The Mothership of Banking says Gold is Money

Dear investor,

Settle in folks, we have some ground to cover today.

In fact, think of this edition as a choose-your-own-market-update-adventure.

There’s an interview with a legendary commodities investor. Some titbits from the Reserve Bank of Australia and we have what Opposition Leader Anthony Albanese said about ABC Refinery over here.

Our most important topic for today, is that we start understanding what the new rules for banks mean…and the potential impact on gold.  

Before we get to any of that, let’s check in and see what the yellow metal is doing…

Gold dips on US data…how long will it stay down?

Around this time yesterday, the US dollar gold price looked strong. Hovering around US$1,908, the question I found myself asking, was how much puff is left in this rally?

Initially I thought it might run out of steam around US$1,920. Maybe the yellow metal would spurt higher to US$1,940. But, when the momentum finally left this leg of the rally, I said to some colleagues yesterday that we should look out for US$1,850.
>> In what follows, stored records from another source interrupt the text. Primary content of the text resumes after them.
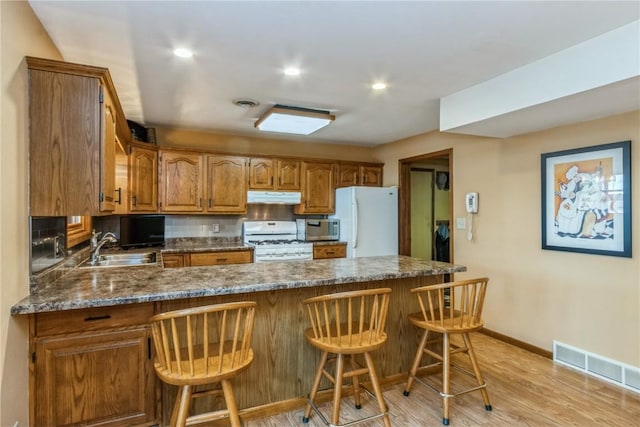 kitchen featuring visible vents, under cabinet range hood, a peninsula, white appliances, and a sink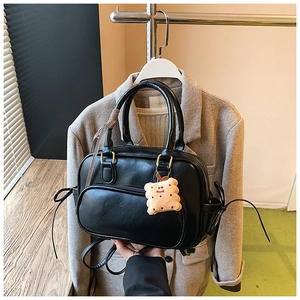 Détail du sac à main noir en cuir PU avec charm biscuit en peluche et ruban à carreaux décoratif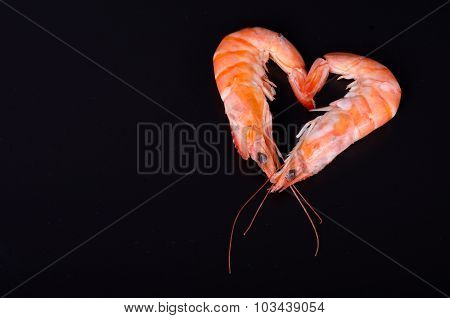 Two shrimps forming a heart isolated in a black background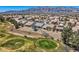 Aerial view of desert golf community with well-spaced homes with mature trees and desert landscaping, mountain backdrop at 7567 Wingspread St, North Las Vegas, NV 89084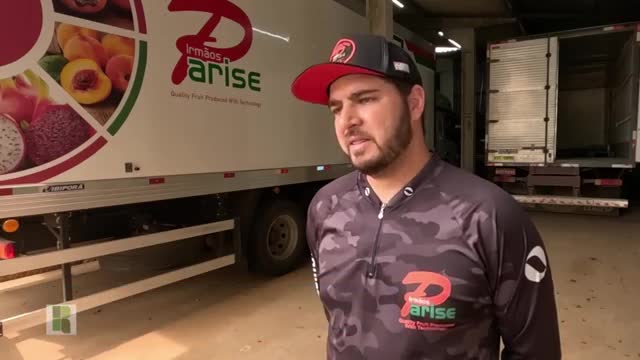 A man in a cap and camo shirt speaks next to a truck plastered with fruit imagery. Behind him, an empty trailer waits in a loading bay.
A man in a cap and camo shirt speaks next to a truck plastered with fruit imagery. Behind him, an empty trailer waits in a loading bay.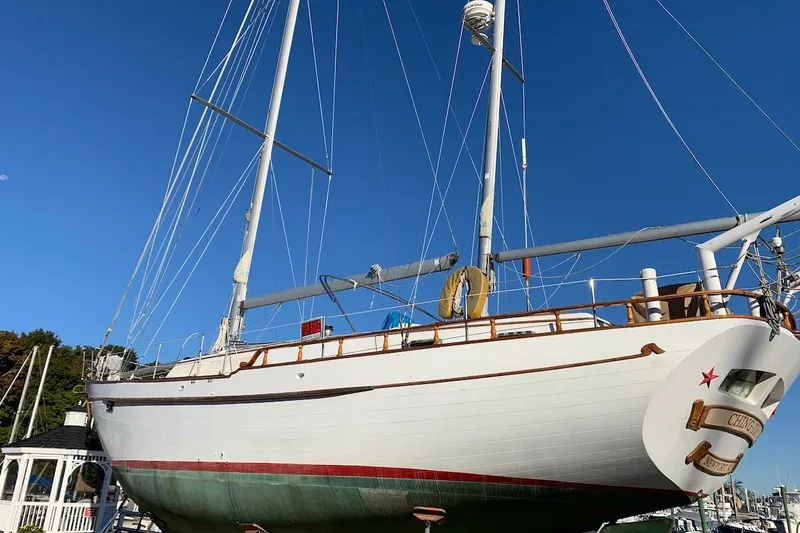 Slide: The Image of 1981 Hardin 45 sailboat docked under clear blue sky. - 52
Well, overnight some US jobs data came out and caused the spot price to do a 180-degree turn. Where’d that drive the price down too?

Right down to US$1,858 while we were sleeping…

US dollar gold price - daily chart

Source: Trading View

The reversal in momentum for gold is largely due to private payroll data from a firm called ADP (a different data set to the United States Non Farm Payrolls).

ADP announced 985,000 American jobs were created for May. Coming in well above the expected 645,000.

Essentially the market used this to confirm the view that the US economic recovery is firmly underway. Meaning all the doom and gloom is a 2020 problem.

The thing is, I hold a different view. I’m not the only one either.

Legendary commodities investor Rick Rule and I talked about this on camera last week.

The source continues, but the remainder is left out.